The Red Hat survey hits harder than most governance reports because it names the exact contradiction UK regulated firms are living with: 87% have deployed agentic AI systems, yet only 25% have strong governance in place. More damning still: fewer than half know where their data actually lives once an AI agent touches it. For law firms, insurers, financial advisers and accountancy practices, this is not an efficiency problem. It is a regulatory exposure. The SRA Code, FCA Consumer Duty PS22/9, PRA SS1/23, and the incoming EU AI Act all demand firms know what their systems are doing, why they are doing it, and who is accountable when they get it wrong. An AI agent that can draft contracts, assess claims or extract financial data without governance is not a productivity tool. It is a compliance violation waiting to be discovered.
This story reveals a pattern that has become impossible to ignore: UK professional services firms bought the AI agent narrative without buying the governance infrastructure to support it. Products like Harvey, Luminance and Legora made agentic AI sound inevitable and safe. Many firms deployed them on the assumption that the vendor had 'solved' governance. They have not. Neither Harvey nor Luminance nor any commercial AI product can solve governance for your firm—they can only make governance harder by distributing decision-making across systems you do not fully control. The gap between deployment and governance is not closing. It is widening. And the firms closing it fastest are not using off-the-shelf agents. They are building controlled environments where AI augments human judgment rather than replacing it.
Trovix's approach to this problem is deliberately different from the agentic model. Rather than deploying AI agents that make independent decisions and then trying to retrofit governance around them, we build governance into the moment of implementation. Trovix Sift gives you complete visibility into what data an AI system has seen and extracted. Trovix Aria is a knowledge assistant that augments your fee-earners' judgment—it surfaces information, it does not make decisions on their behalf. Trovix Watch monitors regulatory change so you know when your governance model needs to adapt. This is not about moving slower. It is about moving with accountability. It means your partners can explain, audit and defend every decision an AI system was involved in. That is the governance model that passes FRC ISA UK, Lloyd's Blueprint Two and ICO UK GDPR scrutiny. It is also the model that survives enforcement.

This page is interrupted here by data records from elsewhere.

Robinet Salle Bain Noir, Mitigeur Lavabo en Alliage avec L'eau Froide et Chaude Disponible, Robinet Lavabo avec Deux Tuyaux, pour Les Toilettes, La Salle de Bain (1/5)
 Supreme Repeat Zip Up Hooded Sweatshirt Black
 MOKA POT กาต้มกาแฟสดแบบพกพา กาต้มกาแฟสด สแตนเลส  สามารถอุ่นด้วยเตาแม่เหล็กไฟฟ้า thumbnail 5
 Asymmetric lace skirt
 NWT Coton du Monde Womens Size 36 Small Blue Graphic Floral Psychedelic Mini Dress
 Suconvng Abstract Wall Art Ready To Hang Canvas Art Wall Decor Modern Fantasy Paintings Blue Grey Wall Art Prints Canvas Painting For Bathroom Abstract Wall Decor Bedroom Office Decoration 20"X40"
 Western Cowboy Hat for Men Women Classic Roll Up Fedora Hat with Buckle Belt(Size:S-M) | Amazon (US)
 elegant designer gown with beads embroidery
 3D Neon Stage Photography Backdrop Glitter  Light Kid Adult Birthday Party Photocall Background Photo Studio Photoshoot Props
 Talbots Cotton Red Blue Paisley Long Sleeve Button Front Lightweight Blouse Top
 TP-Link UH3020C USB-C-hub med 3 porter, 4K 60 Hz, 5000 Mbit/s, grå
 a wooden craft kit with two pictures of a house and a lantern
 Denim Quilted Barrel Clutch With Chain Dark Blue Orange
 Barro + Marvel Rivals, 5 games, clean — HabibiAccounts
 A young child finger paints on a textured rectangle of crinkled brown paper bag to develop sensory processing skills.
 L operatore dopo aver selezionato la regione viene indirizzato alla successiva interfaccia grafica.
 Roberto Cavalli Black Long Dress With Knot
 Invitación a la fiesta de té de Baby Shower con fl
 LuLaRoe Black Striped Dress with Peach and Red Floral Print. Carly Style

If you are a mid-market firm that has already deployed agentic AI without strong governance, your first move is not to rip it out. It is to audit it. Know what decisions it has made. Know where your data went. Know what your audit trail actually says. Then, for new use cases, separate the layers: use AI to surface candidates and patterns, but keep humans in the decision loop. Build governance from day one, not after deployment. If you are still in the planning phase, do not assume any vendor has solved governance for you. They have not. Ask for an audit trail. Ask for data residency guarantees. Ask for explainability. If they cannot answer those questions, they are not ready for your firm. The 25% of UK IT leaders with strong governance did not get there by trusting vendors. They got there by treating AI governance as infrastructure, not as an afterthought.